Task instructions
Quote word for word the lines starting at the line with "农行贷记卡审核不通过2025年推荐，梳理五个网贷黑户必过口子" and ending at the final line of the entries. Leave out any pictures.

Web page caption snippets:
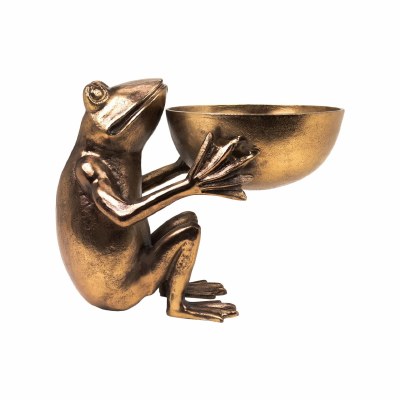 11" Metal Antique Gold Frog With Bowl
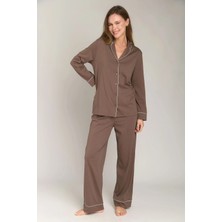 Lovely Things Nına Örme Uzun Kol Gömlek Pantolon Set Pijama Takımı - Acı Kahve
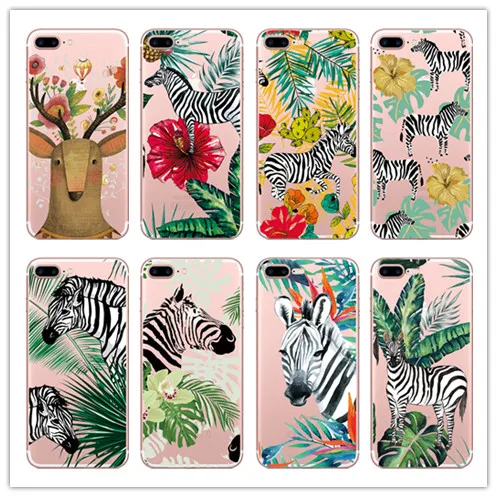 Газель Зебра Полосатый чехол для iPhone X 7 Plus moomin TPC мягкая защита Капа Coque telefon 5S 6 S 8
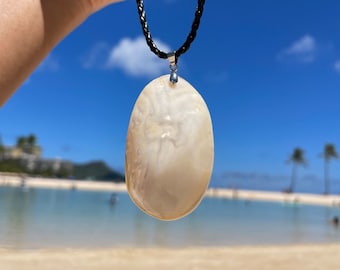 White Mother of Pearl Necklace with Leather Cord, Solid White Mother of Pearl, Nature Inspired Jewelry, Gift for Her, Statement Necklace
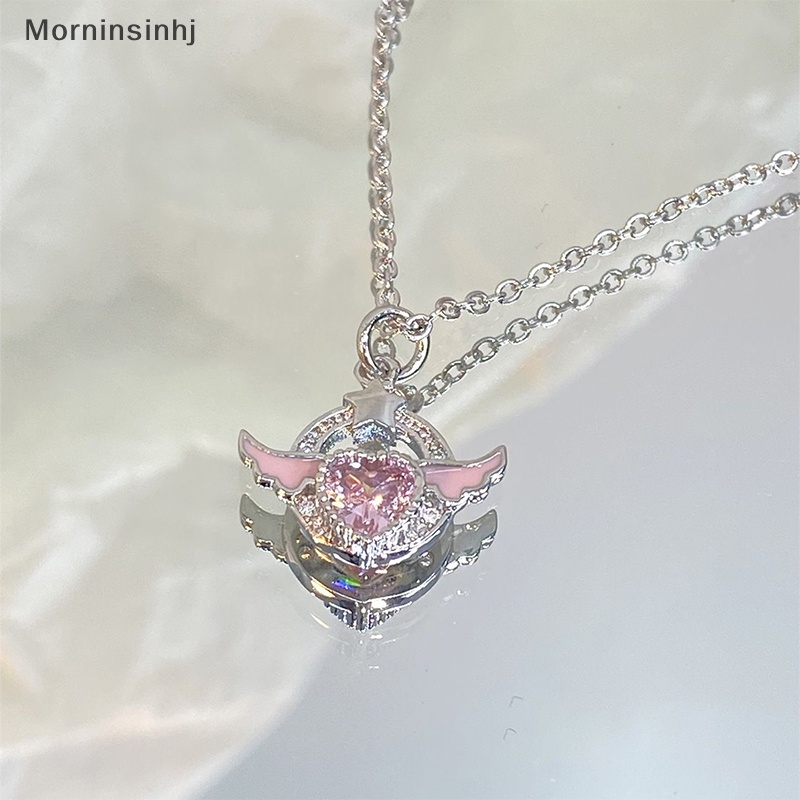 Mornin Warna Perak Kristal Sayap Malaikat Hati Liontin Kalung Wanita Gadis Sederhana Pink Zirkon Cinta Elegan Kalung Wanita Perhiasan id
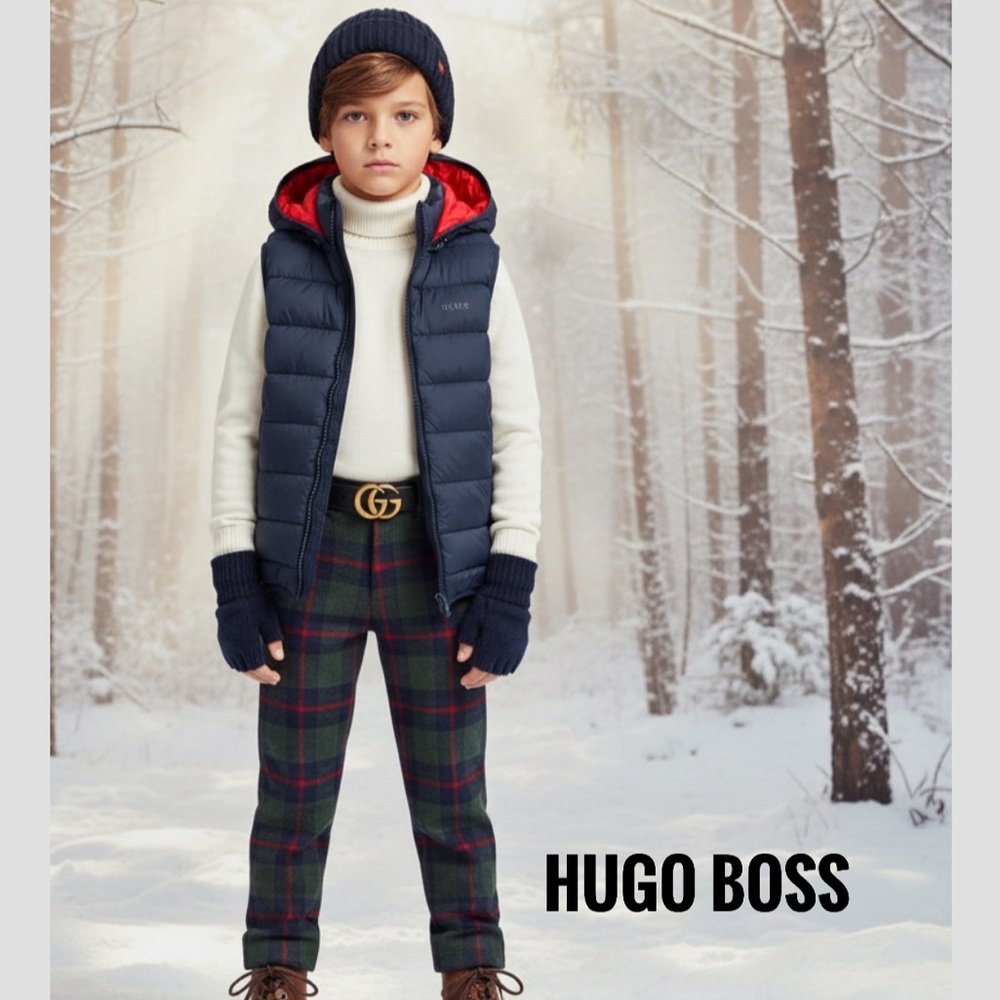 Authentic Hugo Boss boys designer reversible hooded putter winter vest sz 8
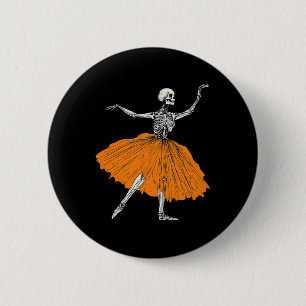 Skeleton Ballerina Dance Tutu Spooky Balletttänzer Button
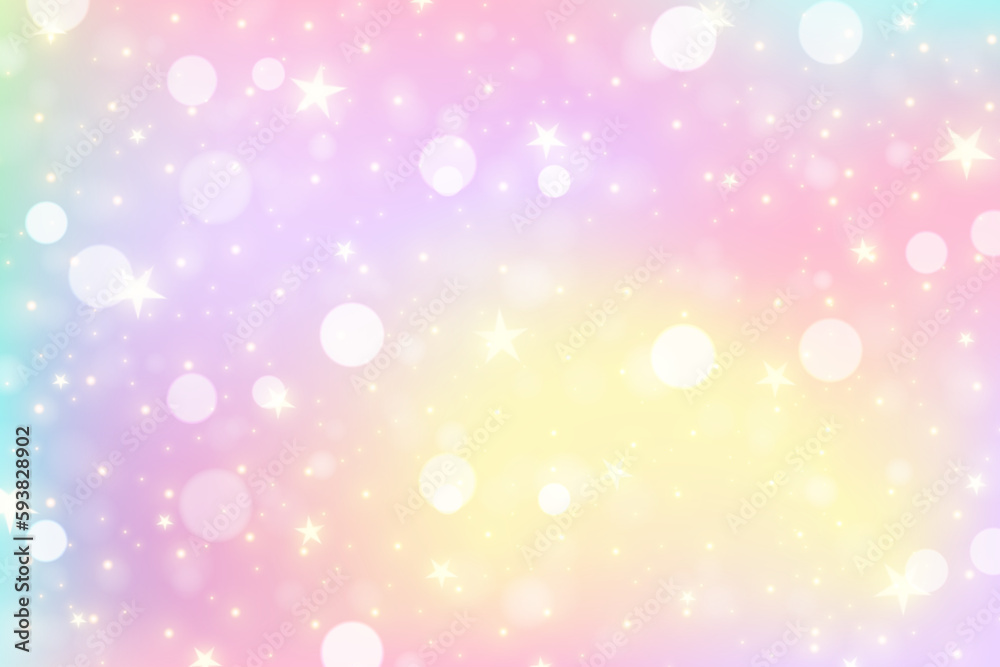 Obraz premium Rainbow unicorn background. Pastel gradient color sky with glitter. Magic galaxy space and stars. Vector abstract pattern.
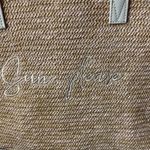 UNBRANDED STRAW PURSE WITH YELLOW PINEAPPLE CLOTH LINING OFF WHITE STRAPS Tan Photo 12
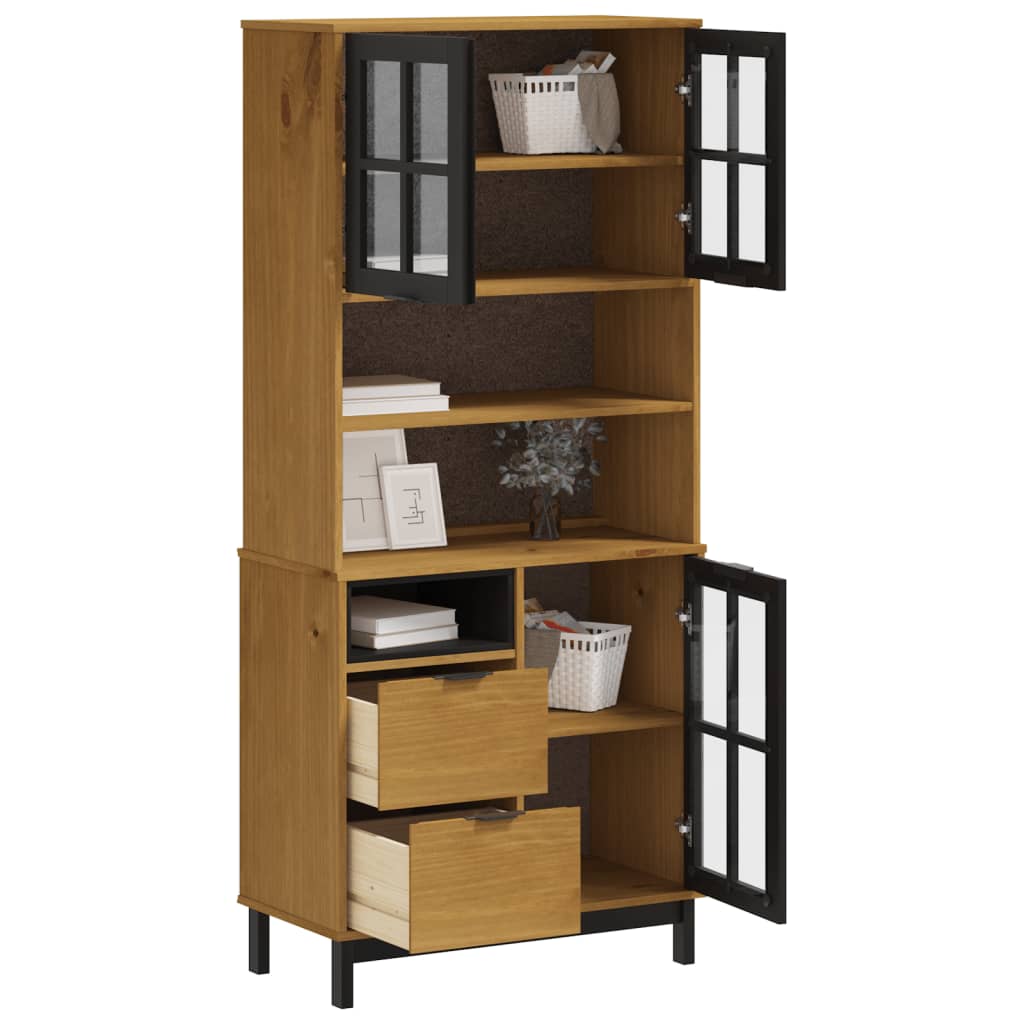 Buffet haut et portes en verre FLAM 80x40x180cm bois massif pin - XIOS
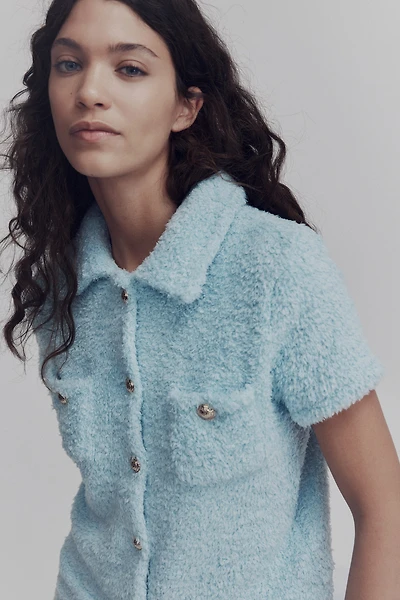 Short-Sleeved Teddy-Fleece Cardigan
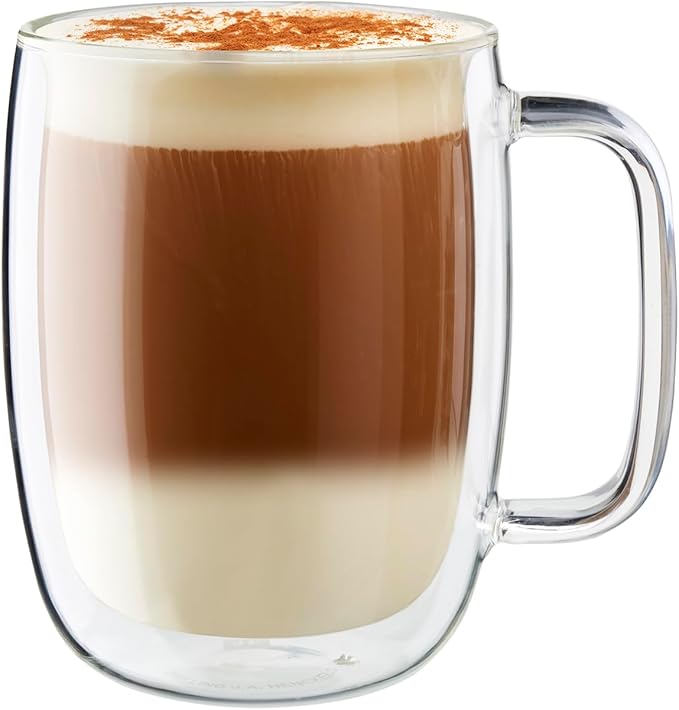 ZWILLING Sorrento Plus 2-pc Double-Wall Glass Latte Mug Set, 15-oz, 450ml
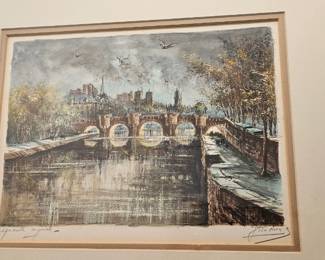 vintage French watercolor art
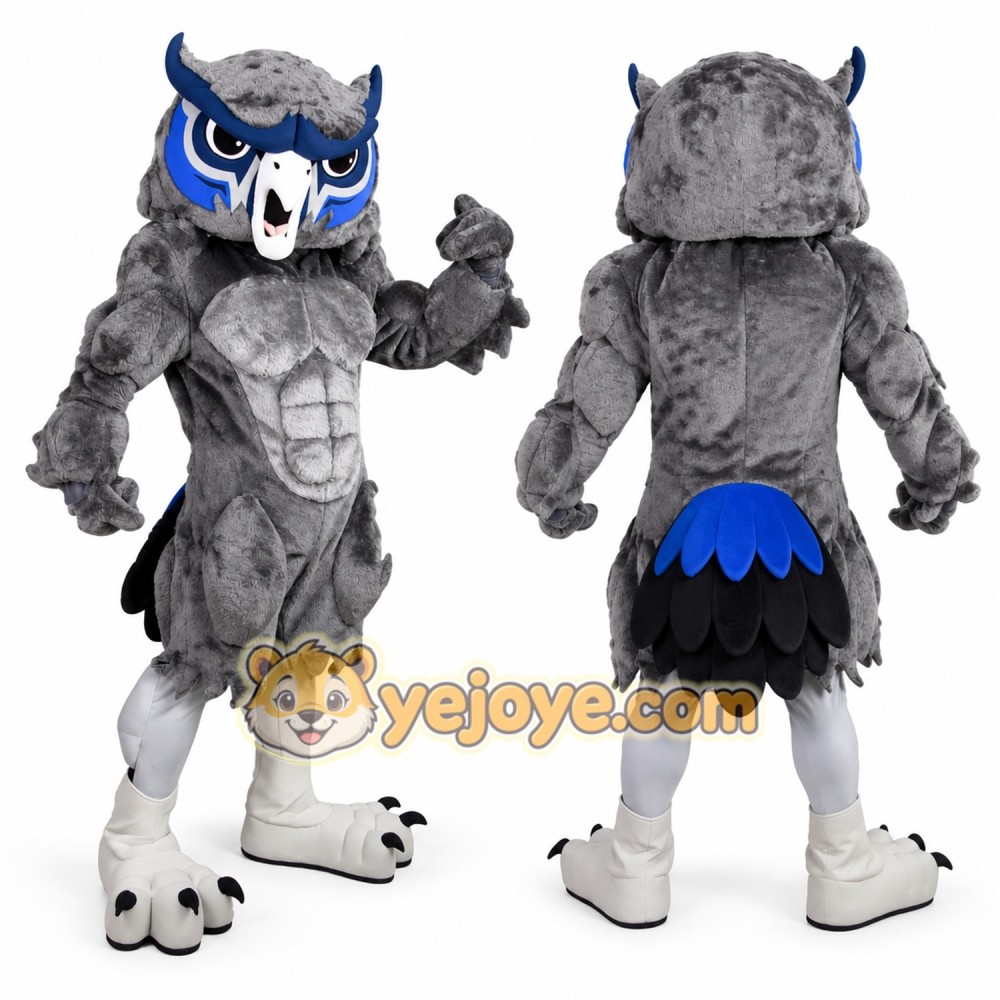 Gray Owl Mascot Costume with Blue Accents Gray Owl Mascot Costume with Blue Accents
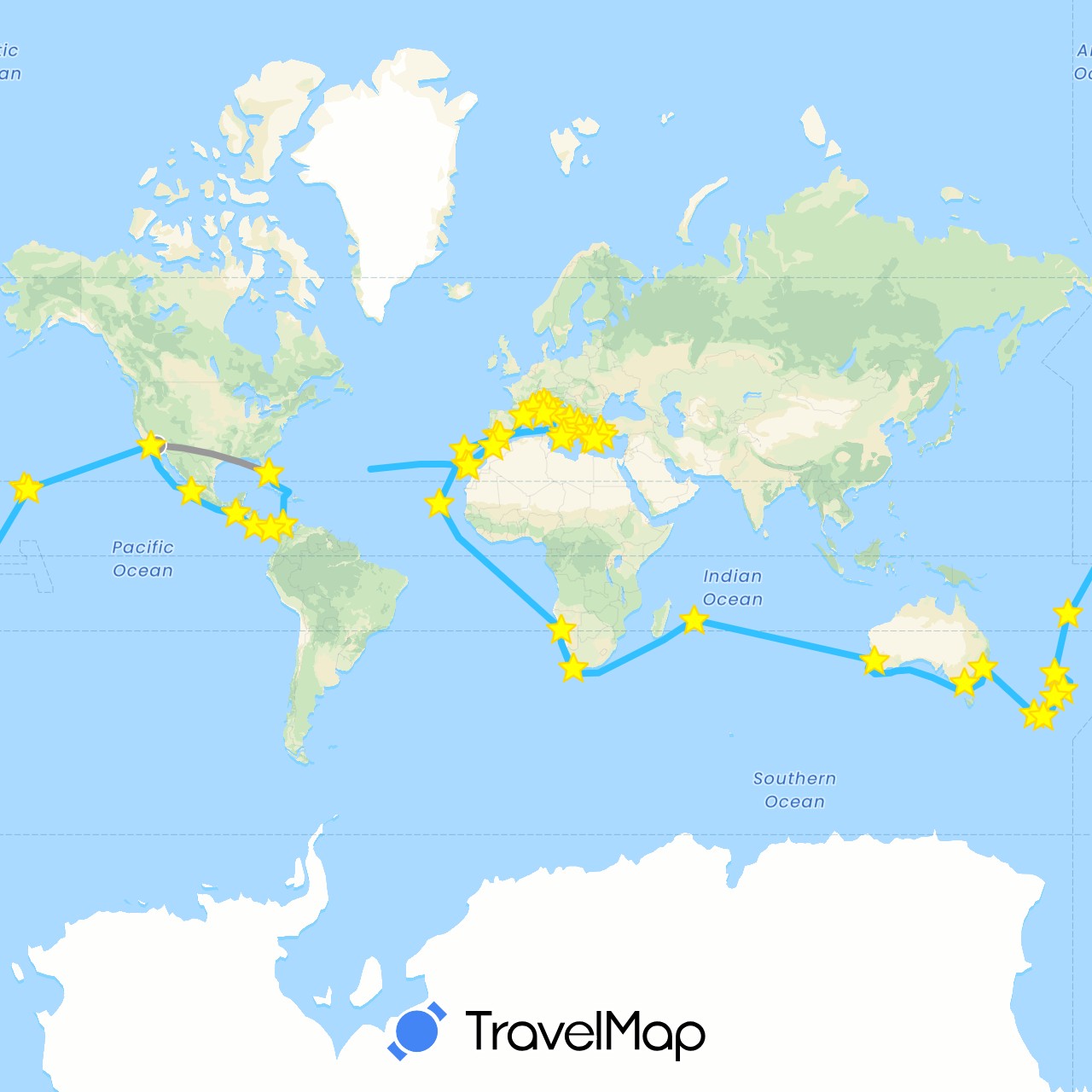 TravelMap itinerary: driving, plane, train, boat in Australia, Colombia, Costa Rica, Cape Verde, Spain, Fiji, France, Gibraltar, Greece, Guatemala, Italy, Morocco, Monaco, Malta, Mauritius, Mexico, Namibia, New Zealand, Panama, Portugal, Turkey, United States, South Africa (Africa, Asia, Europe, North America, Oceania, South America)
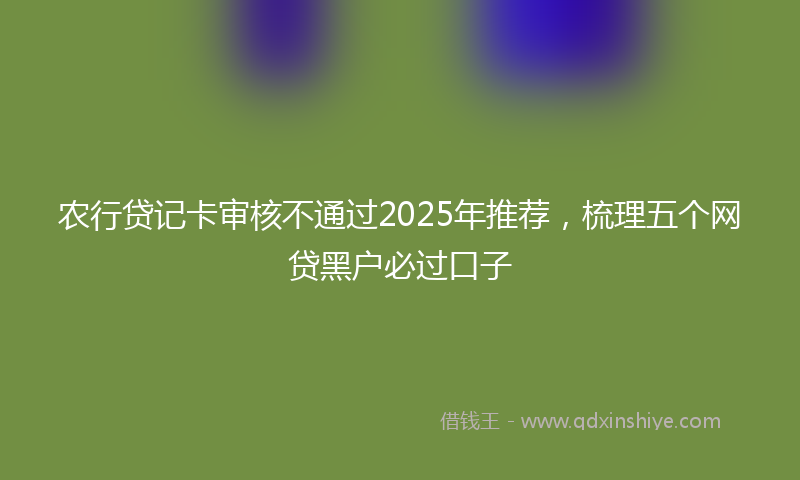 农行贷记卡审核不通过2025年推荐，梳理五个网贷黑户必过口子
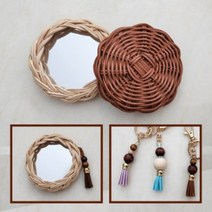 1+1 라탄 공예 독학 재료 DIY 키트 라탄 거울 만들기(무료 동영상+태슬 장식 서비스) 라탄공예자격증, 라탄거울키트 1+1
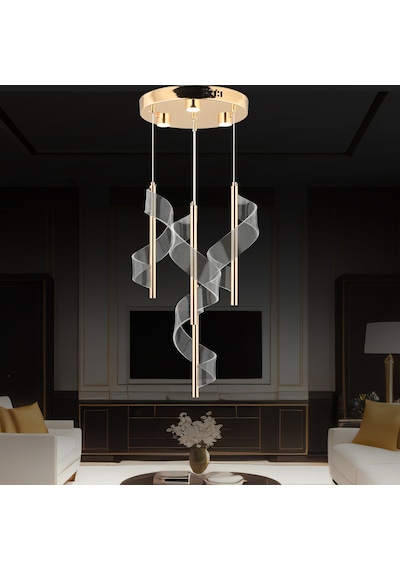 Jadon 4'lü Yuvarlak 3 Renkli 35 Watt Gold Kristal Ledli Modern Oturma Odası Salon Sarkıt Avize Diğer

Result of the exercise
 农行贷记卡审核不通过2025年推荐，梳理五个网贷黑户必过口子
 1+1 라탄 공예 독학 재료 DIY 키트 라탄 거울 만들기(무료 동영상+태슬 장식 서비스) 라탄공예자격증, 라탄거울키트 1+1
 Jadon 4'lü Yuvarlak 3 Renkli 35 Watt Gold Kristal Ledli Modern Oturma Odası Salon Sarkıt Avize Diğer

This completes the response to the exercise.